Short web captions
Segment Open

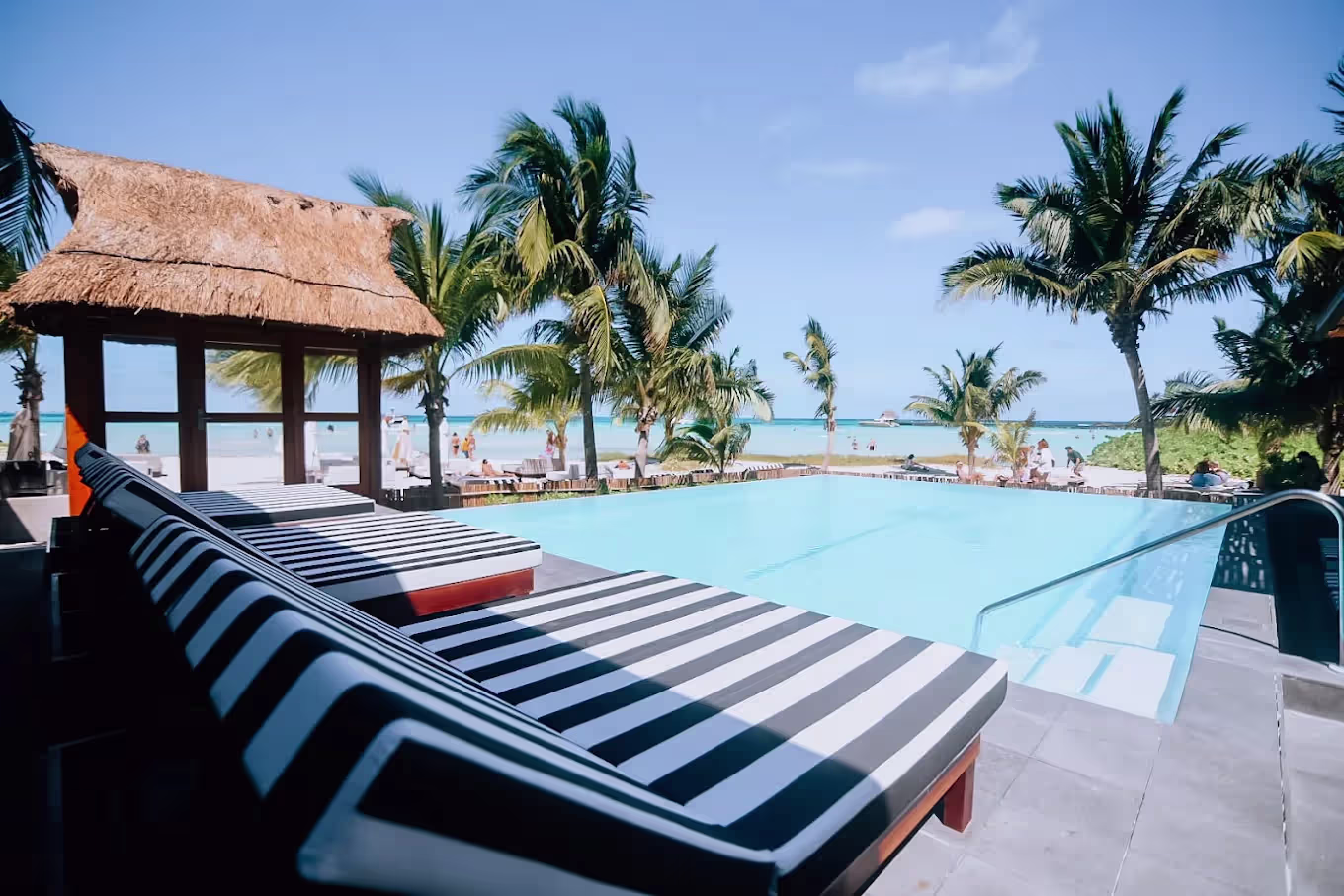 סוויטה עם אזור ישיבה ב־Casa del Jaguar Isla Mujeres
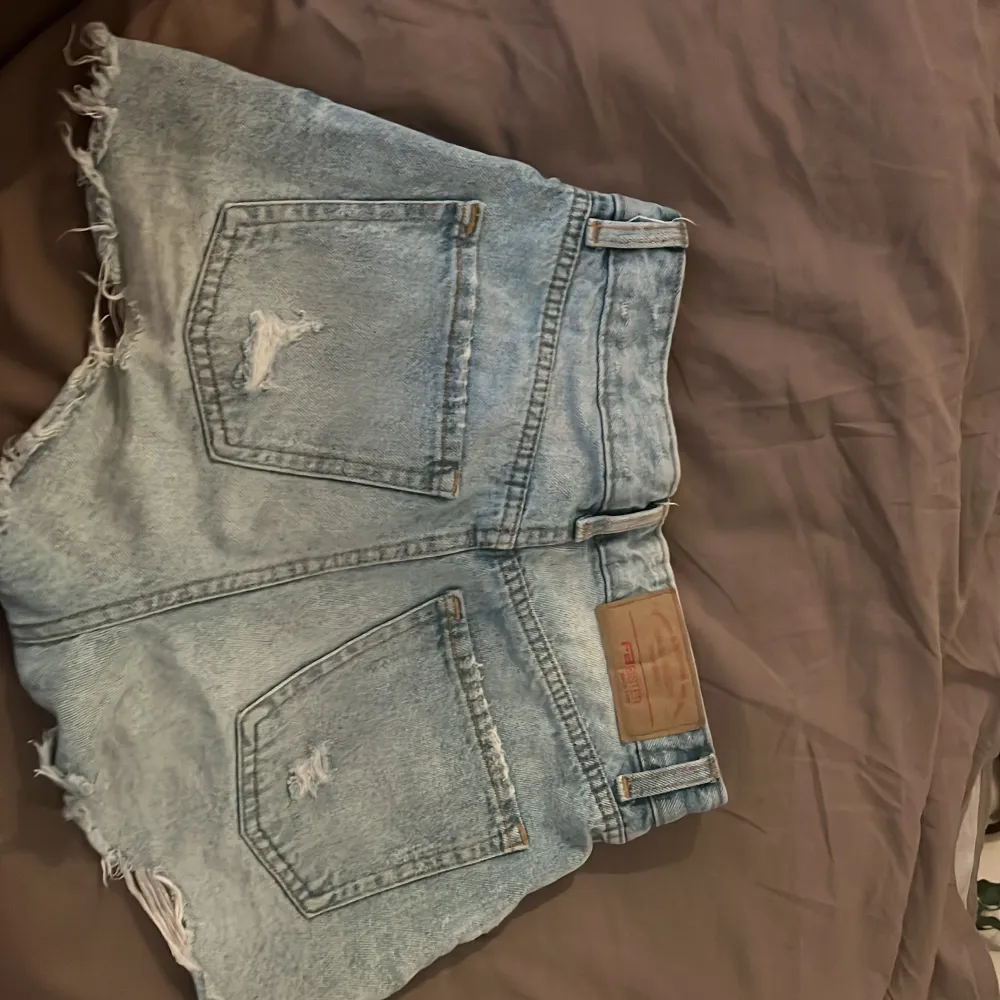 jeans shorts stylade med hål. . Shorts.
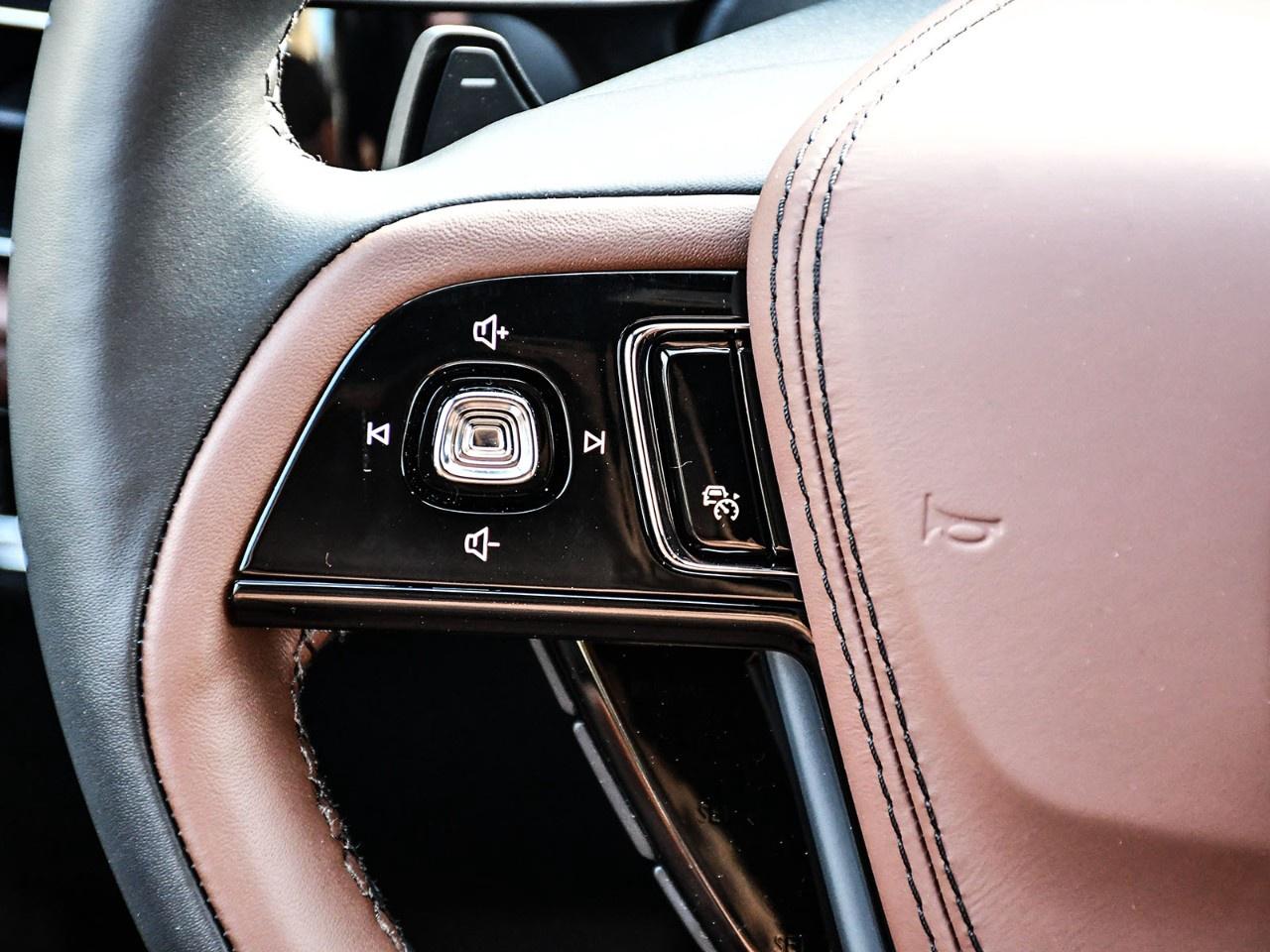 2027 Lincoln Aviator Reserve AWD Photo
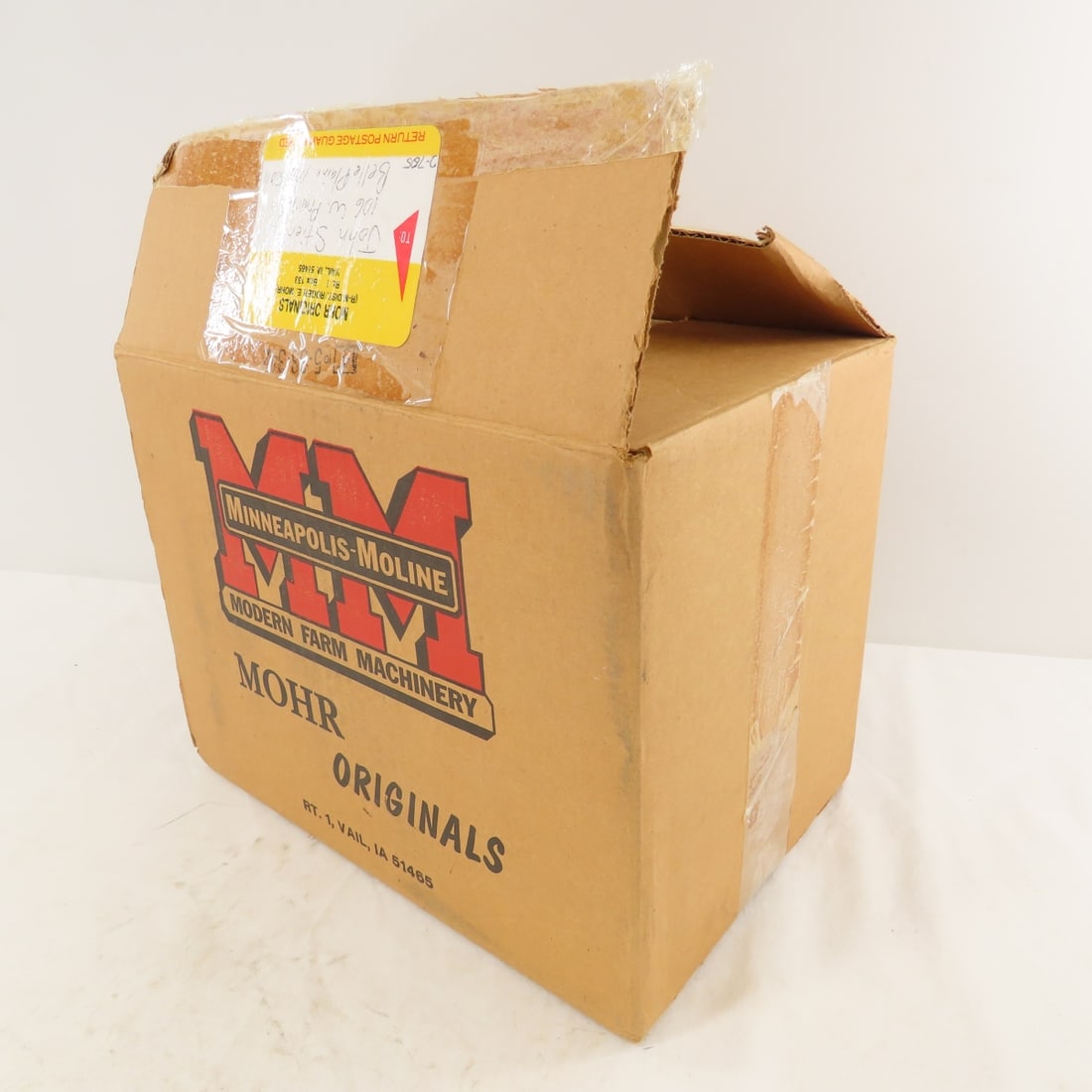 Mohr M-M Brown Belly G705 WF Tractor with Box - 18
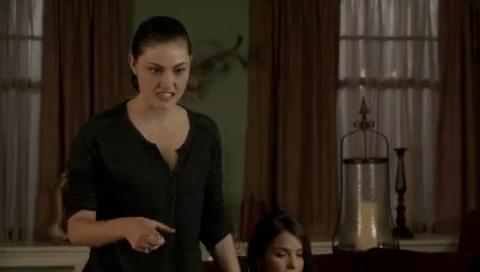 VampireDiariesWorld-dot-org_TheSecretCircle-S01E08-1330.jpg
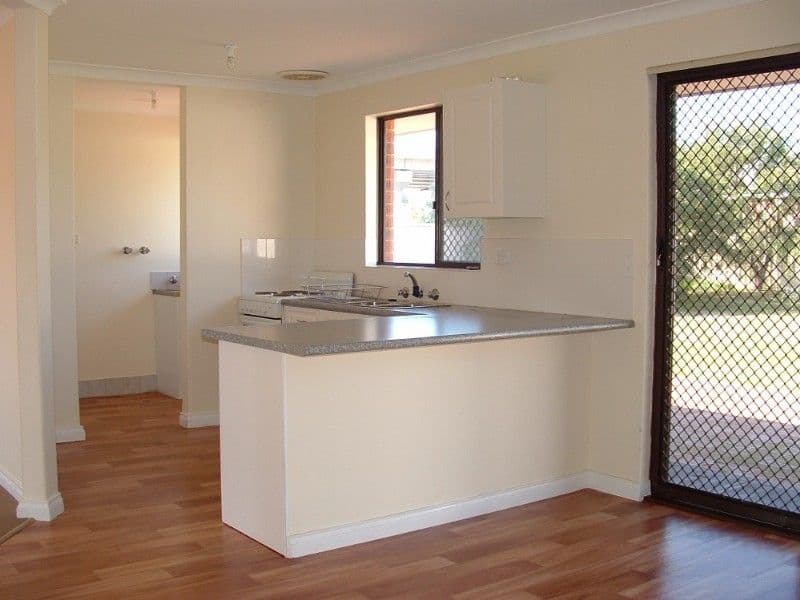 121 Lyrebird Way, THORNLIE WA 6108, Thornlie - Thumbnail 4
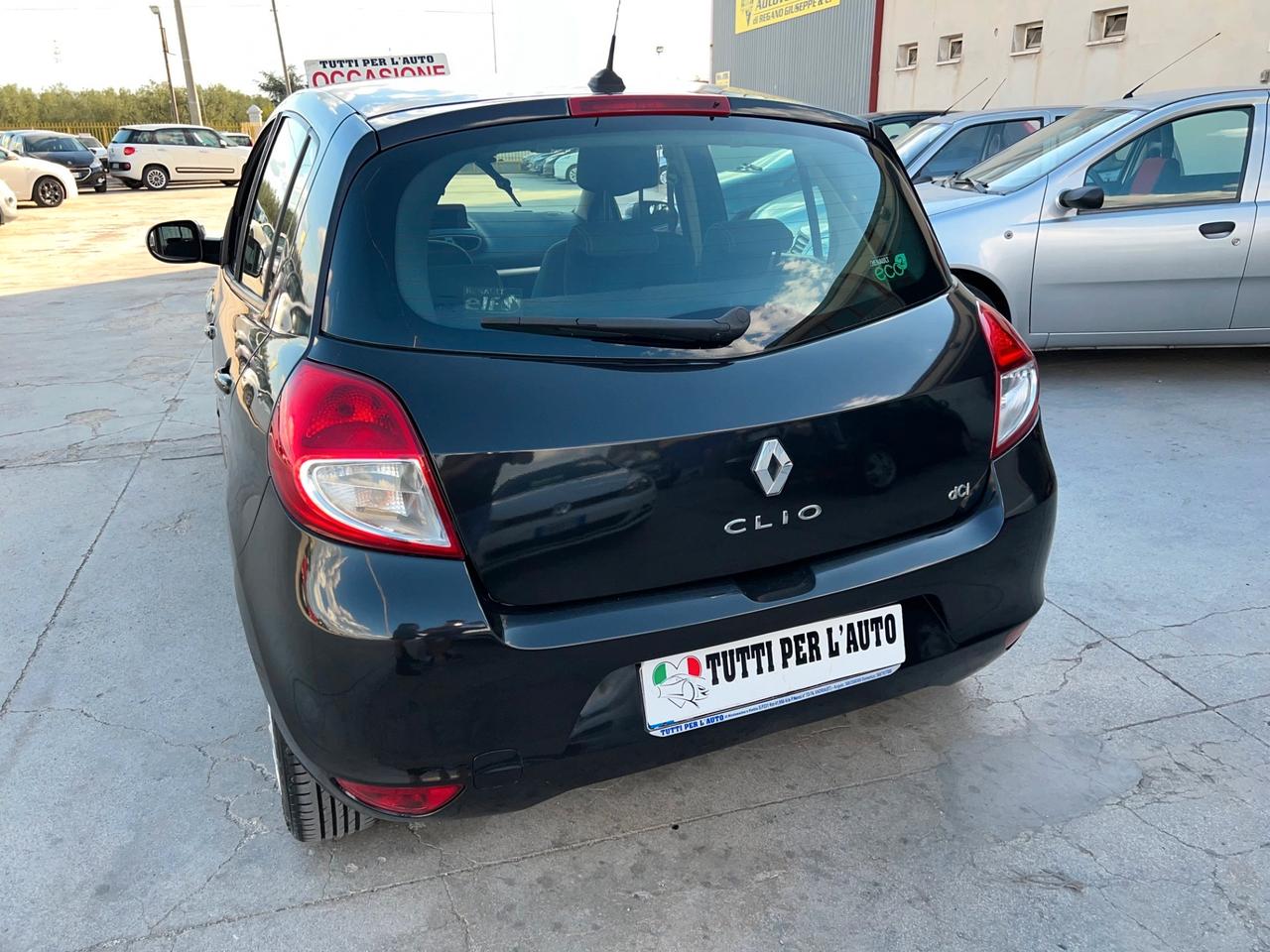 Renault Clio 1.5 dCi 75CV 5 porte - 2011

Segment Closed

All of the data must be set down exactly, with no pictures included.

SOLVED EXERCISE:
 סוויטה עם אזור ישיבה ב־Casa del Jaguar Isla Mujeres
 jeans shorts stylade med hål. . Shorts.
 2027 Lincoln Aviator Reserve AWD Photo
 Mohr M-M Brown Belly G705 WF Tractor with Box - 18
 VampireDiariesWorld-dot-org_TheSecretCircle-S01E08-1330.jpg
 121 Lyrebird Way, THORNLIE WA 6108, Thornlie - Thumbnail 4
 Renault Clio 1.5 dCi 75CV 5 porte - 2011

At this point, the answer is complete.